Designed by Incat Crowther, each FSIV will be powered by four MTU 16V4000 diesel engines coupled to ZF gearboxes driving Hamilton HT810 Waterjets. Full load service speed for the dynamic positioning class-2 vessels will be 25 knots. Three Hydromaster tunnel bow thrusters will provide manoeuvrability for docking and unloading of cargo and personnel. Two of the main engines will be coupled to 1,200 m3/hr firefighting pumps offering FiFi-1 capability.
Construction of the new vessels is well underway at Lita Ocean, with deliveries taking place in 2024 and 2025.
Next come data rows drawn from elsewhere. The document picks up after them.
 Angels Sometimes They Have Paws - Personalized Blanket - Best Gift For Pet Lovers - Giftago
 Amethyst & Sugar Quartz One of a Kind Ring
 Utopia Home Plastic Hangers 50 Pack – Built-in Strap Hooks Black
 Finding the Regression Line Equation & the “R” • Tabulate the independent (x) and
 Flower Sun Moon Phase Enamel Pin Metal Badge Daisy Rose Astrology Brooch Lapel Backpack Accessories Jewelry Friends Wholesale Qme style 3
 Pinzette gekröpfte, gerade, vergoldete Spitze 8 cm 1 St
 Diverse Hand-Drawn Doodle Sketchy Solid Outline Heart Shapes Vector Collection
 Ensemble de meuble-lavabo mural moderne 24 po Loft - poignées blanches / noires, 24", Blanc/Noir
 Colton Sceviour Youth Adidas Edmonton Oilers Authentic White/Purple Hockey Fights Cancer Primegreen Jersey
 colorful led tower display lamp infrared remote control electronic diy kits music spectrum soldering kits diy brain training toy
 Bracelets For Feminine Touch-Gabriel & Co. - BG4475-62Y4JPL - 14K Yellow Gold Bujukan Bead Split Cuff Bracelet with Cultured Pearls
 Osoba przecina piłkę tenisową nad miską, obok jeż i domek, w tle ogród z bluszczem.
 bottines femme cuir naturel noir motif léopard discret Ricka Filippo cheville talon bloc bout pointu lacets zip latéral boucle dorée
In February, Saudi Arabia’s Public Investment Fund acquired a 40% stake in Zamil Offshore Services. The Saudi sovereign wealth fund’s investment is aimed at backing the expansion of Zamil Offshore’s services and fleet, which already controls about 90 vessels in the Gulf.
Zamil Offshore has two joint ventures, including Zamil Mermaid – which provides subsea diving services – and SBS Oceanics, which offers maintenance, modification and upgrade services for offshore platforms.
Lita Ocean and Incat Crowther teamed up on a series of three newbuild 33-m crewboats for NSW Nakilat SvitzerwijsMuller. Those boats serve as wellhead maintenance and crew transfer vessels for QatarEnergy. The Singapore shipbuilder also delivered the 23-m workboats NSW Hassa and NSW Huwailah to NSW Nakilat SvitzerwijsMuller for Qatar this year.